Doch wer regiert Österreich im Sommerloch?
Rein rechtlich gibt die österreichische Bundesverfassung diese Sommerpause des Parlaments vor. In dieser steht, dass der Nationalrat in jedem Jahr zu einer ordentlichen Tagung zwischen dem 15. September und dem 15. Juli zusammenkommt. Dazwischen soll es keine Tagung geben. Als Tagung selbst ist die Zeit einer Zusammenkunft von Parlamentariern gemeint. Bei diesen Zusammenkünften werden Sitzungen des Nationalrats oder Beschlüsse angesetzt.
Beginn und Ende der tagungsfreien Zeit hängt von den einzelnen Klubs im Parlament ab, diese stimmen sich mit den Nationalratspräsidenten ab. Diese Zeit beläuft sich aber in der Regel immer von Mitte Juli bis Mitte September. In dieser Sommerpause dürfen mittlerweile schriftliche Anfragen oder dergleichen trotzdem eingereicht werden. Abstimmungen zu neuen Gesetzesanträgen von Abgeordneten gibt es natürlich nicht, denn dafür braucht man eine Sitzung des Nationalrates.

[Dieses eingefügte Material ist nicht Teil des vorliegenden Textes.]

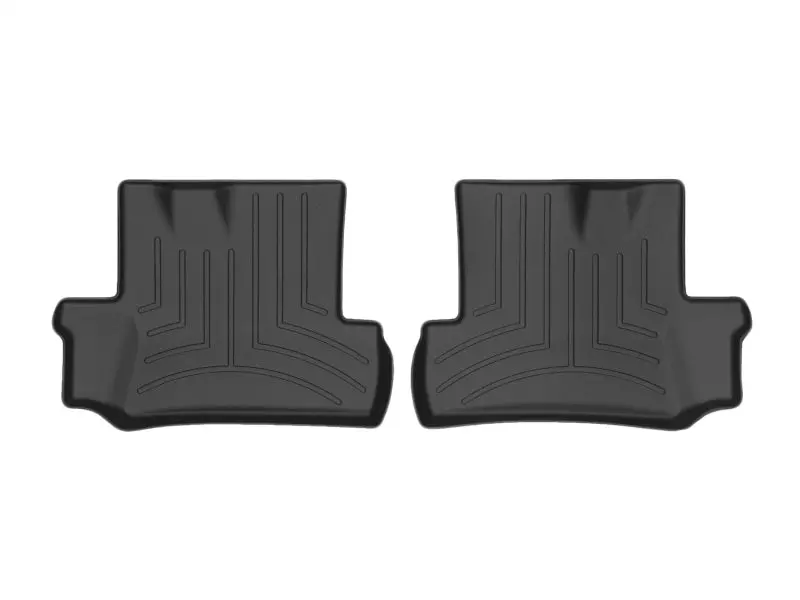 Weathertech 2016+ Chevrolet Camaro Alpha Coupe/Convertible Rear Floorliner - Black 1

Besonders hier ist, dass nur der Bundespräsident Alexander van der Bellen eine Tagung in der Sommerpause einberufen kann.
Artikel 28 B-VG
(2) Der Bundespräsident kann den Nationalrat auch zu außerordentlichen Tagungen einberufen. Wenn es die Bundesregierung oder mindestens ein Drittel der Mitglieder des Nationalrates oder der Bundesrat verlangt, ist der Bundespräsident verpflichtet, den Nationalrat zu einer außerordentlichen Tagung einzuberufen, und zwar so, dass der Nationalrat spätestens binnen zwei Wochen nach Eintreffen des Verlangens beim Bundespräsidenten zusammentritt; die Einberufung bedarf keiner Gegenzeichnung. Zur Einberufung einer außerordentlichen Tagung auf Antrag von Mitgliedern des Nationalrates oder auf Antrag des Bundesrates ist ein Vorschlag der Bundesregierung nicht erforderlich.
Für eine sogenannte „außerordentliche Sitzung“ müssen mindestens ein Drittel des Nationalrats anwesend sein. Doch diese Sitzungen finden in den vergangenen Jahren immer weniger statt, ein Grund dafür sind die vielen Wahlen im Herbst. Im letzten Jahr gab es zwei zum Thema Korruption und Corona.
Noch mehr Informationen findest du im Podcast des österreichischen Parlaments.
Für diesen Sommer ist noch keine „außerordentliche Sitzung“ angesetzt. Doch bei all den Krisen, die gerade stattfinden ist es gar nicht so unwahrscheinlich. Dass hat aber auch viel mit den weiteren Maßnahmen von Politikern (welche sich gerade im Urlaub befinden?) und natürlich mit den weiteren Schritten von Wladimir Putin zu tun.